### Task to complete
The answer must consist solely of the lines from the one with "Invitrogen GPR120 Polyclonal" through the last line of the data, copied exactly, with no pictures.

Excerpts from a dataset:

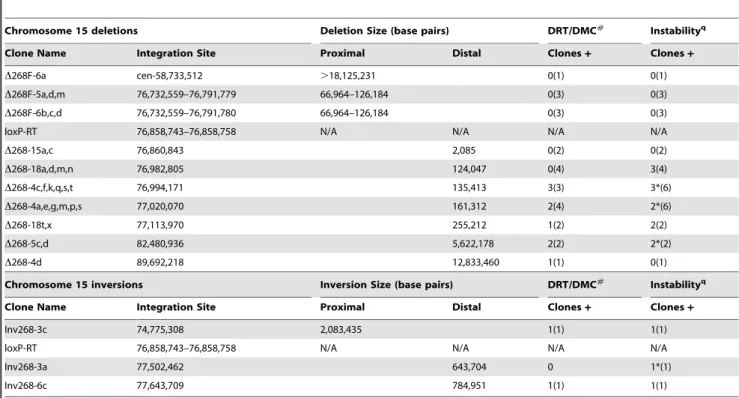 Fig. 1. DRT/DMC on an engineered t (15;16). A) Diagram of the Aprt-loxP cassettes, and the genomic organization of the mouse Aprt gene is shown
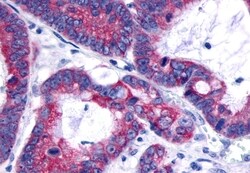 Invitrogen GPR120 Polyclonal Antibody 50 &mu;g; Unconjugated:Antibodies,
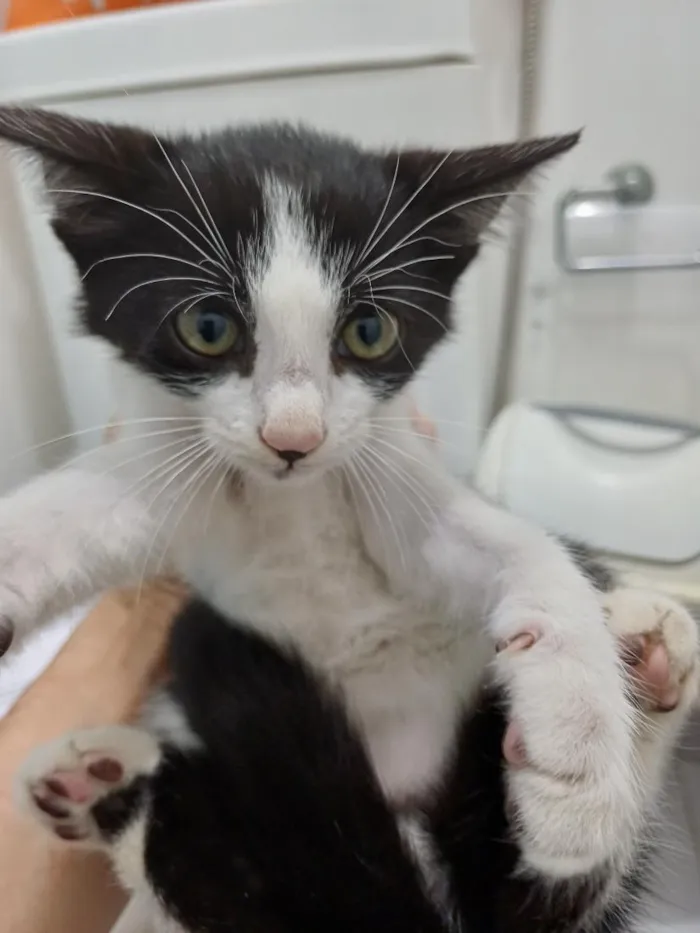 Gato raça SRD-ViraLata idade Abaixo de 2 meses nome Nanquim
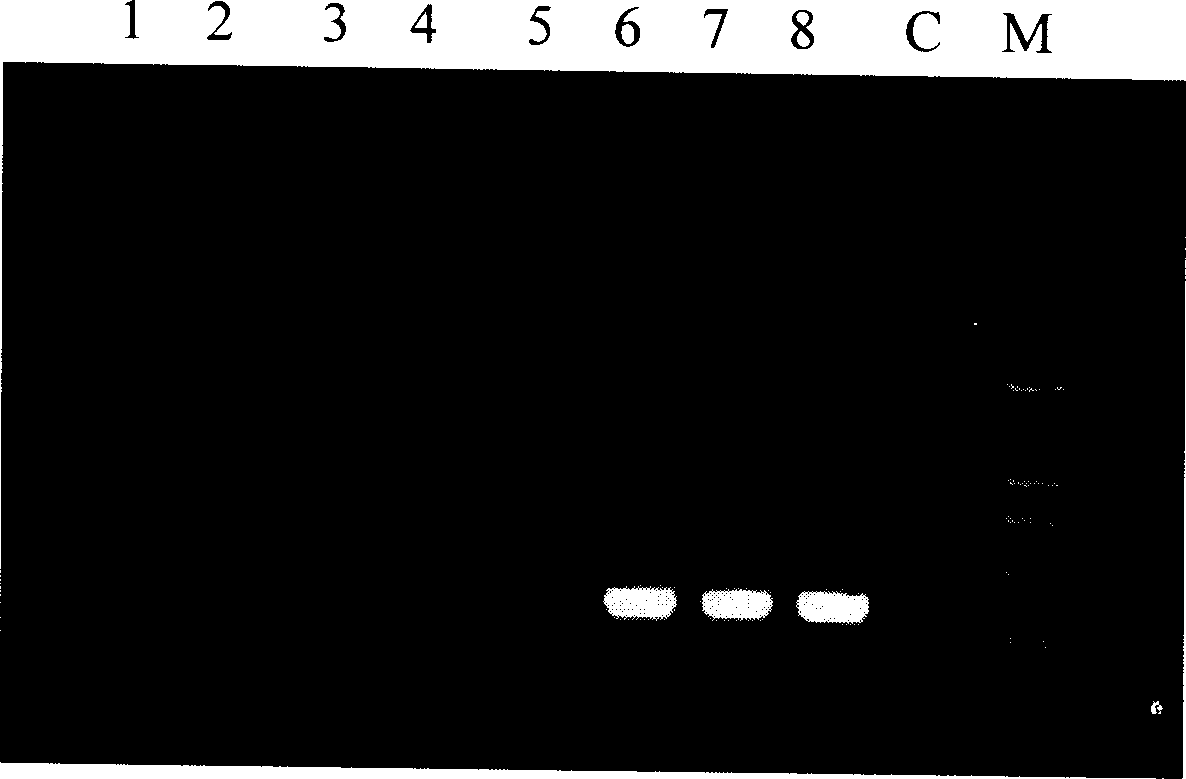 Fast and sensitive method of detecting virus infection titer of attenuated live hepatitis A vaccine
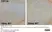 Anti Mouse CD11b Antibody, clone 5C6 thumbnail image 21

### Written solution
 Invitrogen GPR120 Polyclonal Antibody 50 &mu;g; Unconjugated:Antibodies,
 Gato raça SRD-ViraLata idade Abaixo de 2 meses nome Nanquim
 Fast and sensitive method of detecting virus infection titer of attenuated live hepatitis A vaccine
 Anti Mouse CD11b Antibody, clone 5C6 thumbnail image 21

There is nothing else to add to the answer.